6. The date, when by Statute accordingly this revenue was considered in arrear, was the 1st July 1902. At what date was default made in paying that arrear of revenue, so as to entitle a sale of the estate to be made? This, which appears to their Lordships to be the real question in the case, is clearly answered by the Act of 1859 itself and by the notification which followed thereon. By Section 3 of the Act, 'The Board of Revenue at Calcutta shall determine upon what dates all arrears of revenue and all demands which by the Regulations and Acts in force are directed to be realised in the same manner as arrears of revenue, shall be paid up in each district under their jurisdiction, in default of which payment the estates in arrear in those districts, except as hereinafter provided, shall be sold at public auction to the highest bidder.' In compliance with this section, the Board of Revenue on the 6th October 1871 made and duly published a notification that it:-
Has determined and fixed the 28th June of each respective year as the latest date of payment of the rents of all description of tenures in Khas Mahal Pancbannagram, in default of which payment on or previous to that date, tenures in arrears in that Mahal will be sold at public auction to the highest bidder.
7. Bearing in mind that the whole provisions with regard to sales are, in the language of Lord Watson, 'framed upon the express footing that they are to be applicable to the sale of estates which are in arrear of duty,' and that this tenure could not be considered in arrear until the 1st July 1902, it appears fairly clear that the 28th June, 1903, is the first date under the proclamation and the Statute when there has arisen such a default as would enable that ' tenure in arrears' to be sold. It so happens that the payment in the present case is not a monthly, but an annual payment, and it further happens that the payment fell to be made on the 28th June 1902. The Statute having by plain implication forbidden the estate to be considered in arrear until the 1st July, it appears to follow that the date fixed as that on which tenures in arrear will be sold must be the succeeding 28th June, namely, in the year 1903. This estate, however, was sold in the previous month of March, and their Lordships agree with the view of the Subordinate Judge in thinking that the sale is accordingly invalid. In the language of the learned Judge :-
The Board of Revenue are required, under Section 3 of the Act, to determine on what date arrears of revenue shall be paid up, in default of which payment the estates in arrear shall be sold at public auction.

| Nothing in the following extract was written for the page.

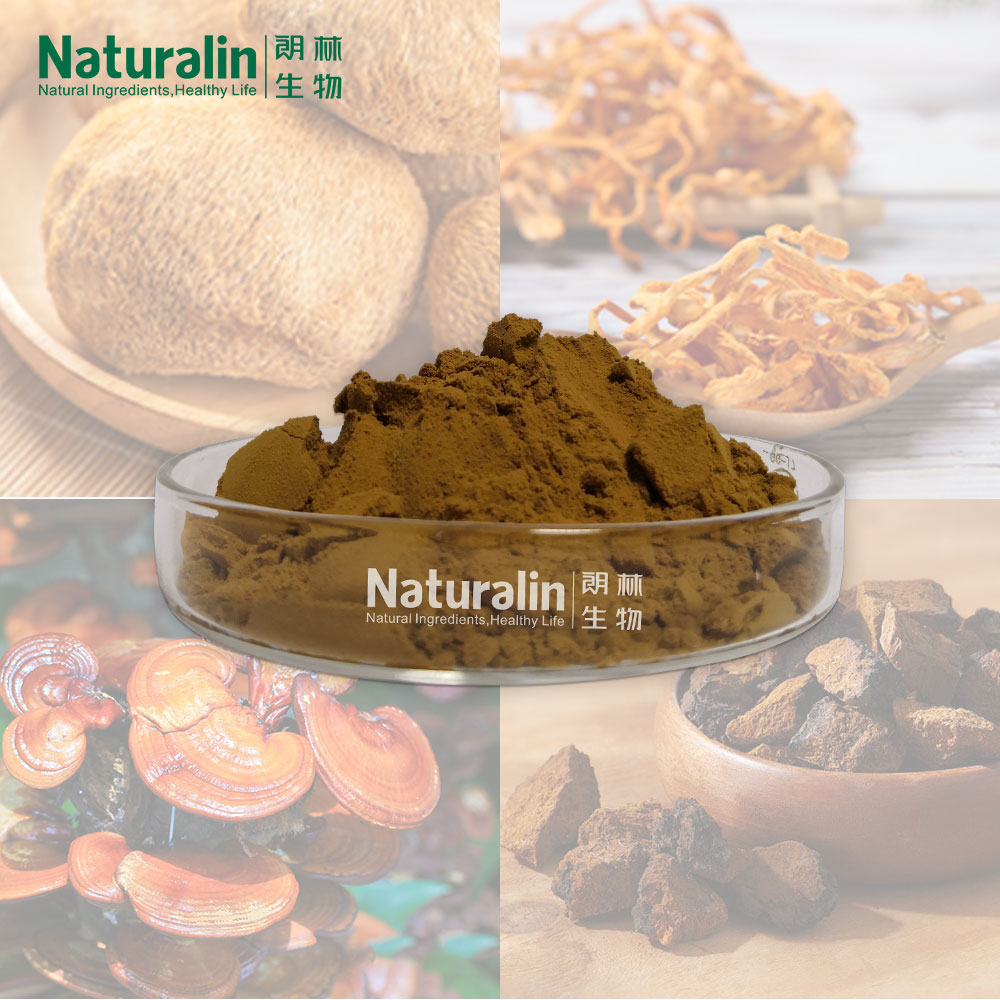 Mushroom Powder Blend - Style: Dried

8. Their Lordships agree with the view that the notification must, having regard to this section of the Statute which authorised it, be applied to the present estate as fixing the 28th June 1903 as the date on which, if the arrears are not paid up, the estate can be sold. If, in cases such as the present, this holds up the power of sale until nearly a year's revenue stands in arrear, that matter, including the question whether more than one date for payment of arrears should be set up as periods of default, is one for the consideration of the Legislature and the Board of Revenue.
9. Their Lordships will humbly advise His Majesty that the appeals should be allowed, the judgments and decrees of the High Court reversed, and those of the Subordinate Judge restored, the costs of the suit and of the appeal being borne by the respondent.